The car with the 4.5 L engine gained the nickname of the Hippie Car or the Psychedelic Porsche from the team and media. At the end it was the red and white #23 917K of Porsche Salzburg, with the standard 4.5-litre engine, carefully driven by Stuttgart's own Hans Herrmann and Englishman Richard Attwood through the pouring rain, that finally scored the first overall win at Le Mans, in a wet race that saw only 7 ranked finishers.

The domination of Gulf-Wyer and Martini Porsches in 1971 was overwhelming. The only potential challenger to the 917 appeared early in the season: Roger Penske had bought a used 512S chassis that was dismantled and rebuilt beyond M specification. The car was specially tuned for long races, receiving many unique features among which were a larger rear wing and an aviation-inspired quick refueling system. The engine was tuned by Can-Am V8 specialist Traco and able to deliver more than 600 hp (450 kW).

As the new rules for the 3-litre prototypes were not favorable to their existing low-weight, low-power Porsche 908, Porsche decided against developing a new high power engine that could keep up with the F1-based engine designs of the competition — at least in naturally aspirated form. In 1976 they would return to sport-prototype racing with the turbocharged Porsche 936 race cars after the engines were tested in Porsche 911 versions.

After their successes with the 917 mainly in Europe, Porsche instead decided to focus on the North American markets and the Can-Am Challenge. For that series, larger and more powerful engines were needed. Although a 16-cylinder engine with about 750 hp was tested, a turbocharged 12-cylinder engine with comparable power output was ultimately used.

The turbocharged 850 hp 917/10K entered by Penske Racing won the 1972 series with George Follmer, after a testing accident sidelined primary driver Mark Donohue. This broke the five-year stranglehold McLaren had on the series. The further evolution of the 917, the 917/30 with revised aerodynamics, a longer wheelbase and an even stronger 5.4-litre engine with around 1100 hp in race trim, won the 1973 edition winning all races but two when Charlie Kemp won the Mosport race and George Follmer won Road Atlanta and Mark Donohue won the rest. Most of the opposition was made of private 917/10K as McLaren, unable to compete against the 917 turbos, had already left the series to concentrate on Formula 1(and USAC, for several years).

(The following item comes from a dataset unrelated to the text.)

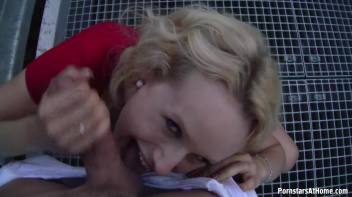 Bus Stop Babe Gives Killer Blowjobs Screencap 72 on www.sinx.com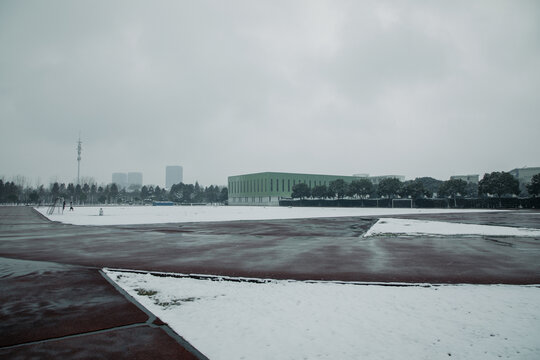 风雨操场雪景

The 917 and its engine's domination, the oil crisis, and fiery tragedies like Roger Williamson's in Zandvoort pushed the SCCA to introduce a 3 miles per U.S. gallon maximum fuel consumption rule for 1974. Due to this change, the Penske 917/30 competed in only one race in 1974, and some customers retrofitted their 917/10K with naturally aspirated engines.

The 917/30 was the most powerful sports car racer ever built and raced. The 5.374-litre 12 cylinder (90.0 x 70.4 mm) twin-turbocharged engine could produce around 1100 bhp at 7,800 rpm in race trim. The 917/30 dominated the Can-Am series during the 1973 season. The 917 was also the only championship-winning car in Can-Am not to be powered by Chevrolet.